__About this exercise__
All pictures are to be dropped, and everything else in the data duplicated exactly.

__Data provided__
----------------
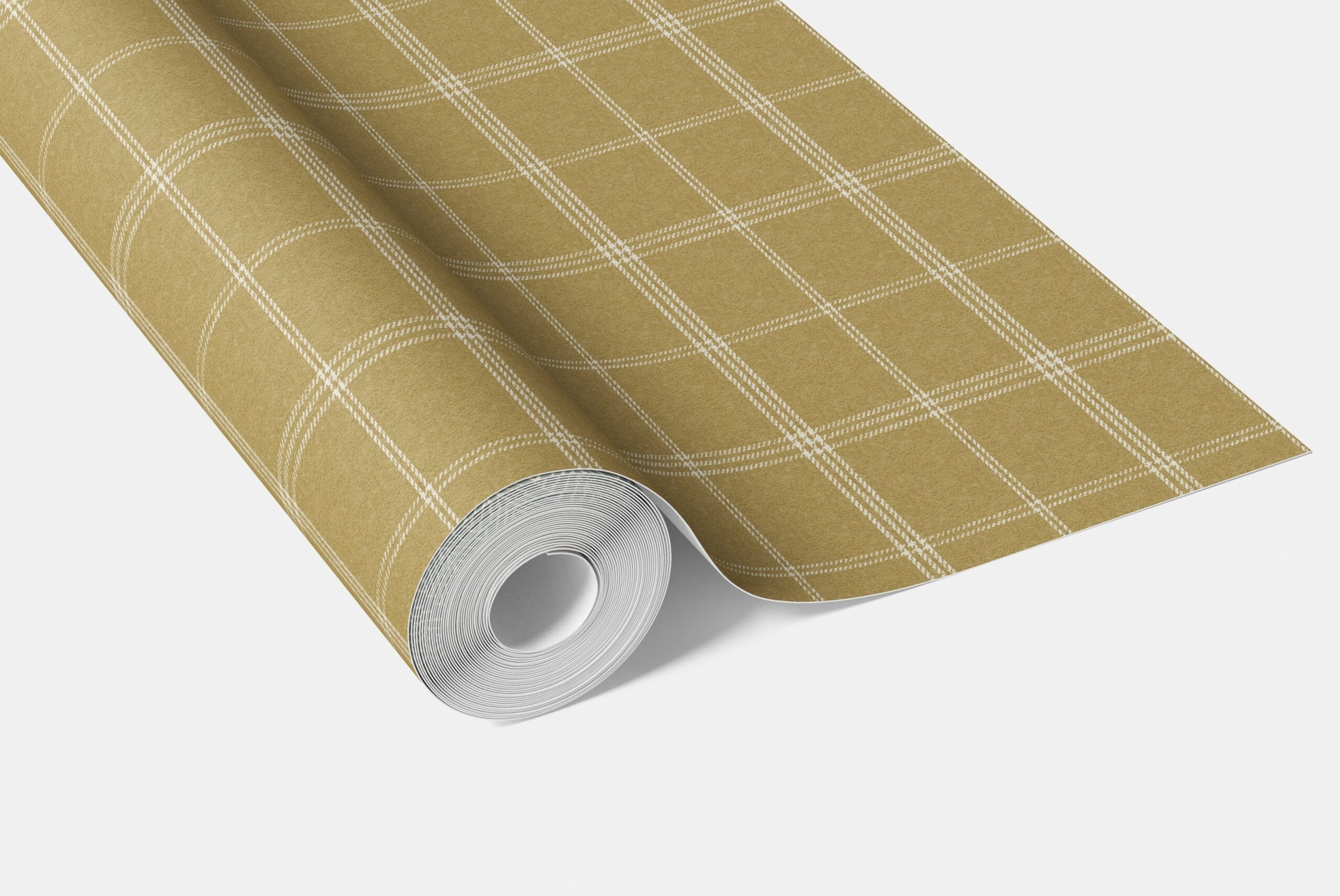 Geometric Plaid Checkered Bathroom Wallpaper Sample (Mustard Yellow)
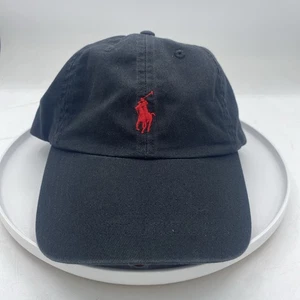 Polo Ralph Lauren Black Hat Red Pony Logo Dad Cap Adjustable Cotton Embroidered - Picture 1 of 14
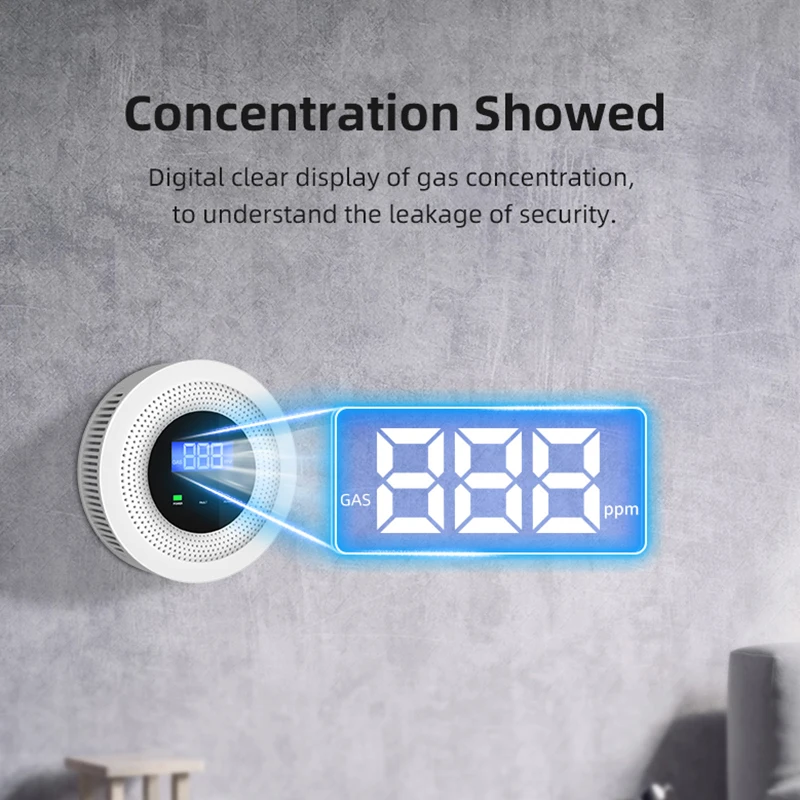 SMARSECUR Tuya WiFi Natural Gas Leakage Sensor Combustible Smart LPG Gas Leakage Detector Smart Life Security Protection Alarm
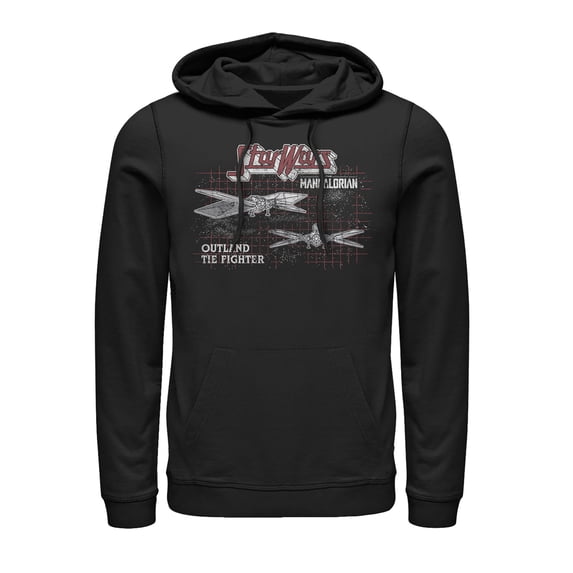 Men's Star Wars: The Mandalorian TIE Fighter Grid Pull Over Hoodie Black Large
----------------
__Result of the task__
 Geometric Plaid Checkered Bathroom Wallpaper Sample (Mustard Yellow)
 Polo Ralph Lauren Black Hat Red Pony Logo Dad Cap Adjustable Cotton Embroidered - Picture 1 of 14
 SMARSECUR Tuya WiFi Natural Gas Leakage Sensor Combustible Smart LPG Gas Leakage Detector Smart Life Security Protection Alarm
 Men's Star Wars: The Mandalorian TIE Fighter Grid Pull Over Hoodie Black Large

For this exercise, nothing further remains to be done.